President Mikheil Saakashvili’s United National Movement (UNM) and Ivanishvili’s Georgian Dream represented contrasting values and appealed to contrasting sets of expectations among voters. Western observers, fixated on the rival leaders’ personalities and the technical electoral “process,” largely overlooked the essential difference between the two political forces. Ivanishvili’s Georgian Dream represented a backlash from large parts of traditional society (the “profound Georgia,” as well as past elite groups) against the Saakashvili government’s fast-paced liberalization and modernization of the country.

Georgian Dream’s victory, however, does not necessarily vindicate the anti-reform backlash. The outcome could easily, if narrowly, have turned in the UNM’s favor, had it not been for the prison torture tapes (Civil Georgia, September 22, 26, 2012), created and aired by the Georgian Dream campaign in a masterfully timed operation 12 days ahead of election day.

The governing UNM campaigned on its record of overcoming Georgia’s once-rampant crime and corruption; achieving robust economic growth (despite the effects of the Russian invasion and the continuing global crisis); rapidly developing modern infrastructure; attracting foreign investments to Georgia’s open, neo-liberal economy; and embracing cultural Westernization and globalization (warts and all). Georgia climbed spectacularly in the world ratings on ease-of-doing-business, civil service integrity, investment-friendliness and other enablers of economic take-off during the Saakashvili years.

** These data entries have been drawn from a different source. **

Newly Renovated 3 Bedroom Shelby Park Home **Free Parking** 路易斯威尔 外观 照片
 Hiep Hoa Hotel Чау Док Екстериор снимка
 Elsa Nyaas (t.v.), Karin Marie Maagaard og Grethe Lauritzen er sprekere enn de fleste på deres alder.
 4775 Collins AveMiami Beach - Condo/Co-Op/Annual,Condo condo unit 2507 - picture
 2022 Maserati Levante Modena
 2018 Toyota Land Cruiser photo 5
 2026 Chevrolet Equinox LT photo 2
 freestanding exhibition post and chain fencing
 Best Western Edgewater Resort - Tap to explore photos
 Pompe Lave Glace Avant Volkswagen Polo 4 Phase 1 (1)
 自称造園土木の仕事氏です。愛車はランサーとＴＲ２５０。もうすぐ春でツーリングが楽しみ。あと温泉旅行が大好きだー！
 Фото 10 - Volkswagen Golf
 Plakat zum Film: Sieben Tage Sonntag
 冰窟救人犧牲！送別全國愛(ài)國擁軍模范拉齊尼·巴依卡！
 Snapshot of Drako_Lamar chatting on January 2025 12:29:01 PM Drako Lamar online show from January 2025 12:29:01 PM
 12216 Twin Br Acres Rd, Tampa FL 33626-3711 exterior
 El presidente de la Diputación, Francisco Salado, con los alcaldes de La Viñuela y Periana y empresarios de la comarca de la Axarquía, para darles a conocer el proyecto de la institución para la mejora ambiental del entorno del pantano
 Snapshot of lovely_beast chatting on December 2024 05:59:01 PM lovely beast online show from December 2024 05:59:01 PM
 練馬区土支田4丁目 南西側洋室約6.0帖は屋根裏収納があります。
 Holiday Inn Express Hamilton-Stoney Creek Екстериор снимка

Those policies had significantly reduced, but still far from overcome structural poverty and high unemployment in Georgia. The UNM sought its third legislative mandate as the party of economic modernization and social transformation, driving these processes from the top, in a society still largely bound by traditions. The fast pace and legal shortcuts of these processes were disparaged as “Bolshevism” by fatigued spectator-critics who had themselves matured in the Communist Party of the Soviet Union (CPSU).

Ivanishvili’s coalition appealed to masses of voters who had not yet benefited from economic growth, or actually lost livelihood and status in the transition from state-socialism and paternalist arrangements toward a modernizing society. Ivanishvili is known for generously funding philanthropic programs, including a welfare system in his small native district. Many voters among the uneducated poor hoped to see some of that system extended to the rest of the country. Ivanishvili’s electoral campaign inspired expectations that he might subsidize consumption or price cuts in goods and services from his own funds, if he took over power. He also talked vaguely about creating a $1 billion agriculture support fund. During the campaign, he seemed to hint at all those possibilities or allowed his message to be interpreted to that effect.

Only two political forces entered parliament from these intensely polarized elections. Georgian Dream won 85 seats versus the UNM’s 65 seats in the 150-seat parliament. Since the elections, however, the new authorities have induced or pressured at least ten UNM deputies to defect. Ivanishvili’s personal rating, however, has since risen to 80 percent among Georgian voters (see EDM, February 14). As prime minister, he has already decreed price cuts in some public services and salary increases across the board, at state expense.

To a large extent, these elections involved a choice between a liberal and a paternalist model of society. Georgian voters faced this choice for the first time in a free election. A mass of impoverished, uneducated voters helped skew the outcome in the multi-billionaire’s favor. This outcome may be seen as a case of “electoral democracy” of the illiberal variety, and by the same token a case of populism of the plutocratic variety. It has made Ivanishvili into a democratically elected, popularly acclaimed ruler, with naive expectations pinned on him as resource distributor and provider.